Sheer madness, given that misandry is widespread and misogyny vanishingly rare. A piece in today’s Times:
Misogyny will be recorded as a hate crime by police in England and Wales after the government bowed to campaigners’ demands following the murder of Sarah Everard. Ministers have announced that from the autumn forces will be asked to record and identify crimes of violence, including stalking and sexual offences, believed by the victim [J4MB emphasis: women’s beliefs will result in men being criminalised] to have been motivated by “hostility based on their sex”.
Campaigners welcomed the move as a “game changer” that would encourage women to report public harassment because they could have more confidence that it would be treated as a serious crime. Eight in ten women say they have been harassed in public but 90 per cent do not report it because they do not believe it will be pursued.

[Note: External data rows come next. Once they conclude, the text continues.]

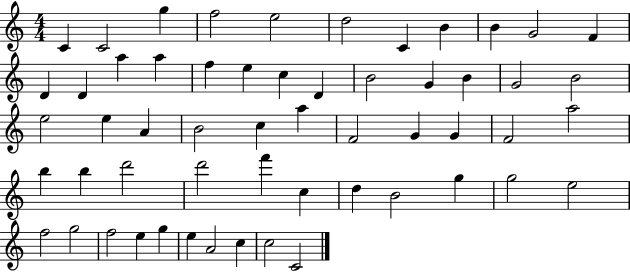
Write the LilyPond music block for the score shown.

{
  \clef treble
  \numericTimeSignature
  \time 4/4
  \key c \major
  c'4 c'2 g''4 | f''2 e''2 | d''2 c'4 b'4 | b'4 g'2 f'4 | \break d'4 d'4 a''4 a''4 | f''4 e''4 c''4 d'4 | b'2 g'4 b'4 | g'2 b'2 | \break e''2 e''4 a'4 | b'2 c''4 a''4 | f'2 g'4 g'4 | f'2 a''2 | \break b''4 b''4 d'''2 | d'''2 f'''4 c''4 | d''4 b'2 g''4 | g''2 e''2 | \break f''2 g''2 | f''2 e''4 g''4 | e''4 a'2 c''4 | c''2 c'2 | \break \bar "|."
}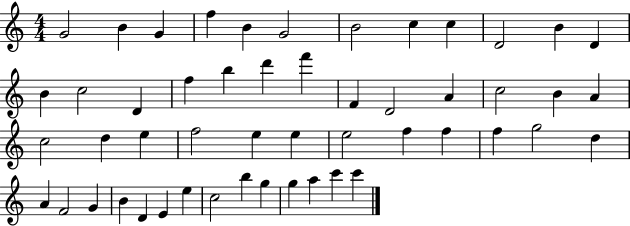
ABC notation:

X:1
T:Untitled
M:4/4
L:1/4
K:C
G2 B G f B G2 B2 c c D2 B D B c2 D f b d' f' F D2 A c2 B A c2 d e f2 e e e2 f f f g2 d A F2 G B D E e c2 b g g a c' c'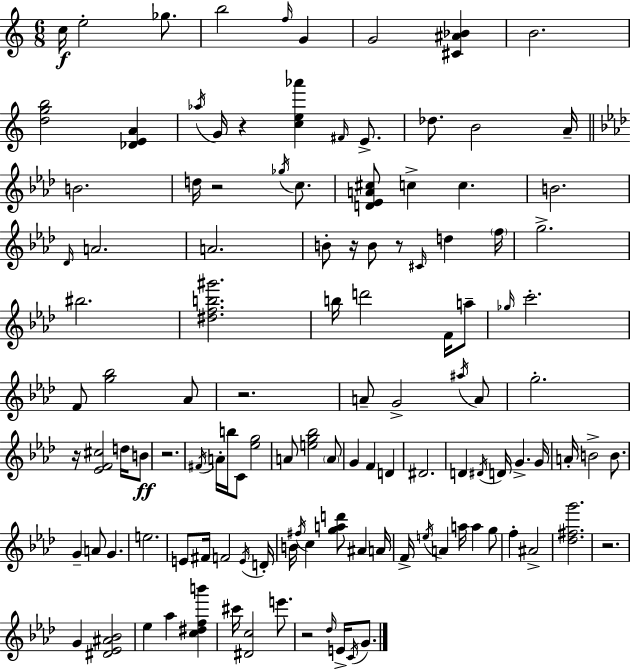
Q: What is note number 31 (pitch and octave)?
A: G5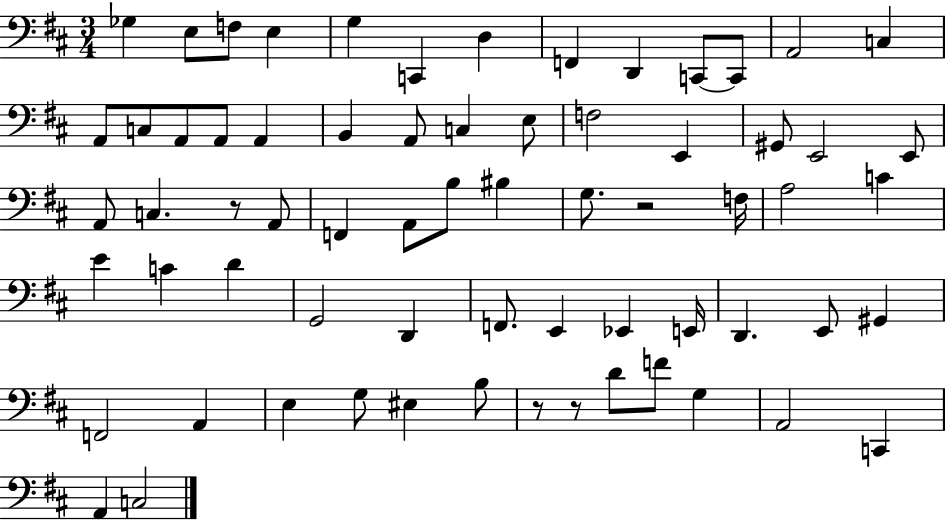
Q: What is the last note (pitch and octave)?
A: C3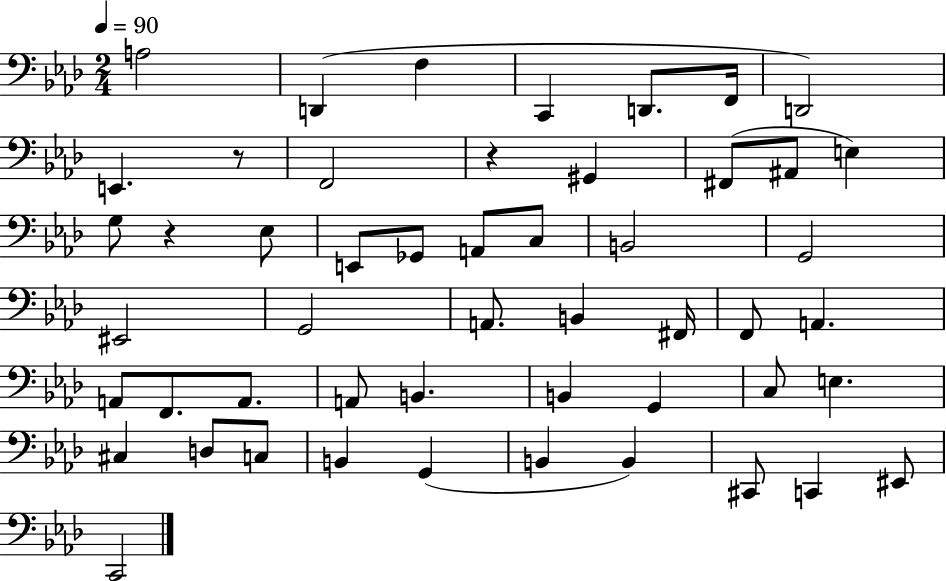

Growing pressure had left the government facing a humiliating defeat in the House of Lords as the Domestic Abuse Bill passes.
The Law Commission had already recommended that police include data on whether crimes are motivated by sex or gender, saying that the vast majority of evidence suggested that hate crimes were linked to misogyny. [J4MB emphasis: What a pile of BS!]
Baroness Williams of Trafford, the Home Office minister, said: “Once we have considered the Law Commission’s recommendations we will shortly begin the consultation with the National Police Chiefs’ Council and forces on this, with a view to commencing the experimental collection of data from this autumn.”
Stella Creasy, the Labour MP for Walthamstow who led the campaign, said the change was the first policy the government had backed that was “actually rooted in evidence of what helps to tackle violence against women”.
At prime minister’s questions, Boris Johnson had promised to tackle the “underlying issue” of everyday sexism and apathy towards women. However, the prime minister said that new laws and tougher sentences could go only so far in the effort to eradicate male violence towards women and girls.
Johnson acknowledged that “we will not fix this problem” unless the government “understands that women do not feel they are being heard”. He urged all parties to work together for a “cultural and social change in attitudes”.
Sir Keir Starmer, the Labour leader, said that Everard’s death must be a turning point, just as Stephen Lawrence’s murder had exposed institutional racism. “The awful events of the last week have lifted a veil on the epidemic of violence against women and girls,” he said. “This must also be a watershed moment to change how we as a society treat women and girls.”
The Home Office has had 140,000 responses since its survey asking for evidence on how to combat male violence was opened on Friday. Ministers said the statements would inform a national strategy to be published in the summer.
Johnson insisted that although the government would listen to all proposals to change the law, there was also a fundamental cultural shift needed. “We can do all the things that we’ve talked about, two men arguing over the dispatch box, we can bring in more laws, tougher sentences . . . we can support independent domestic violence and sexual violence advisers, all that kind of thing,” he said. “But we have to address the fundamental issue of the casual everyday sexism and apathy that fails to address the concerns of women — that is the underlying issue.”
His sincerity was called into question after Downing Street refused to say that he regretted using “sexist language” in his journalistic career, however. In The Spectator in 1995 he said that the children of single mothers were “ill-raised, ignorant, aggressive and illegitimate” and called for action to “restore women’s desire to be married”.
Allegra Stratton, his press secretary, said yesterday: “Women across the country now want real action and will be pleased to hear their prime minister evidently understanding that what too many of them experience on our streets at night — and sometimes in the day as well — is something being taken seriously at the top of government.”